● Task brief
A faithful copy of the entries is needed, one that leaves out the pictures.

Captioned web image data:
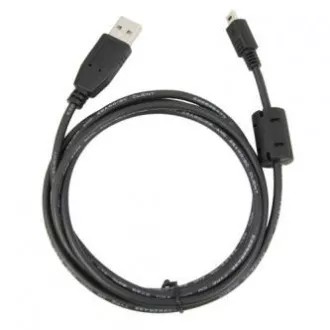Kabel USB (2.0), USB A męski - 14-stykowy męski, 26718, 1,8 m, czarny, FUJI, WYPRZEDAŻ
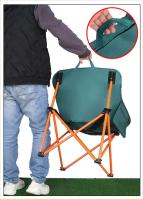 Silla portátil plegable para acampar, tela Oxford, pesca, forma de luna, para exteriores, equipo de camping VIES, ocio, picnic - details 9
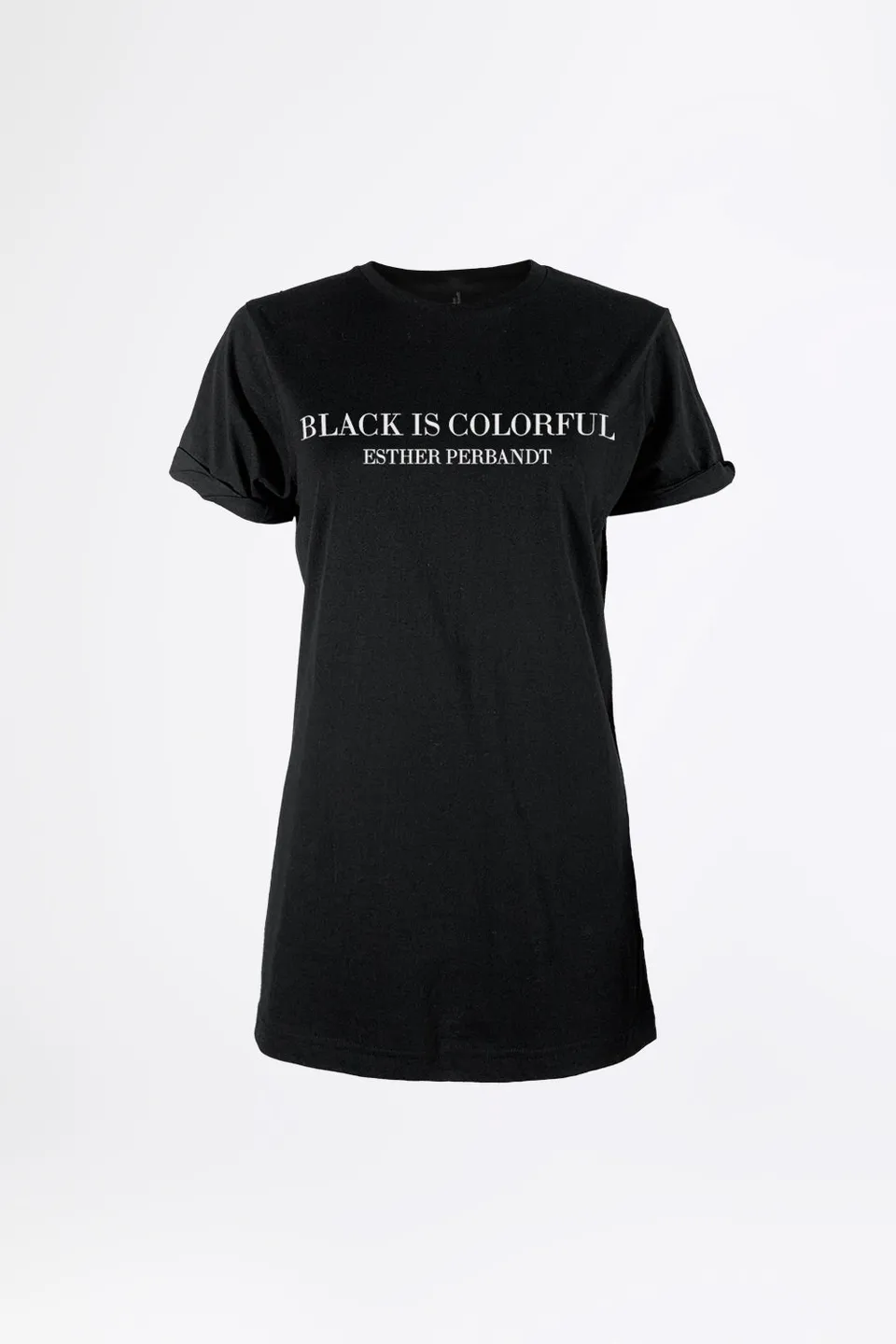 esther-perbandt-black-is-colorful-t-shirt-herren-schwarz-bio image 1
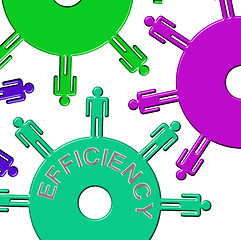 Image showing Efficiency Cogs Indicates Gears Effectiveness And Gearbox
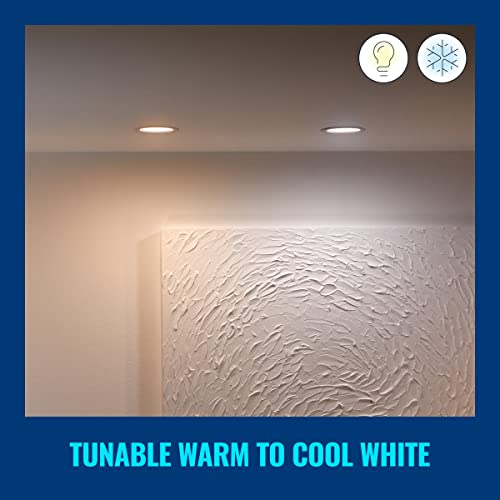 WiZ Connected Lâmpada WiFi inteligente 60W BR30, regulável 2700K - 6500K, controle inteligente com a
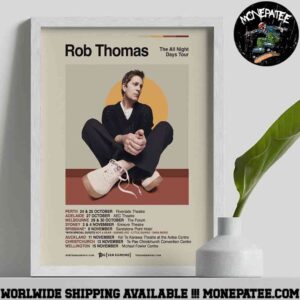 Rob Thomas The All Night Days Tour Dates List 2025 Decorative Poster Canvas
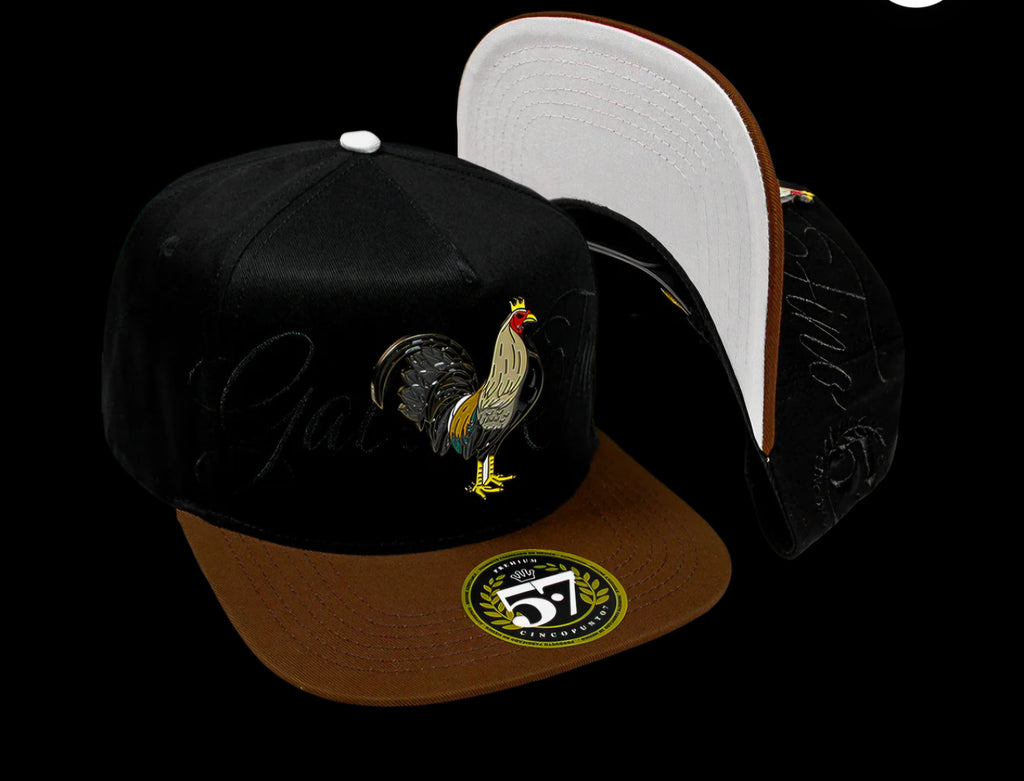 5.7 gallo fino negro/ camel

● Task solution
Kabel USB (2.0), USB A męski - 14-stykowy męski, 26718, 1,8 m, czarny, FUJI, WYPRZEDAŻ
 Silla portátil plegable para acampar, tela Oxford, pesca, forma de luna, para exteriores, equipo de camping VIES, ocio, picnic - details 9
 esther-perbandt-black-is-colorful-t-shirt-herren-schwarz-bio image 1
 Image showing Efficiency Cogs Indicates Gears Effectiveness And Gearbox
 WiZ Connected Lâmpada WiFi inteligente 60W BR30, regulável 2700K - 6500K, controle inteligente com a
 Rob Thomas The All Night Days Tour Dates List 2025 Decorative Poster Canvas
 5.7 gallo fino negro/ camel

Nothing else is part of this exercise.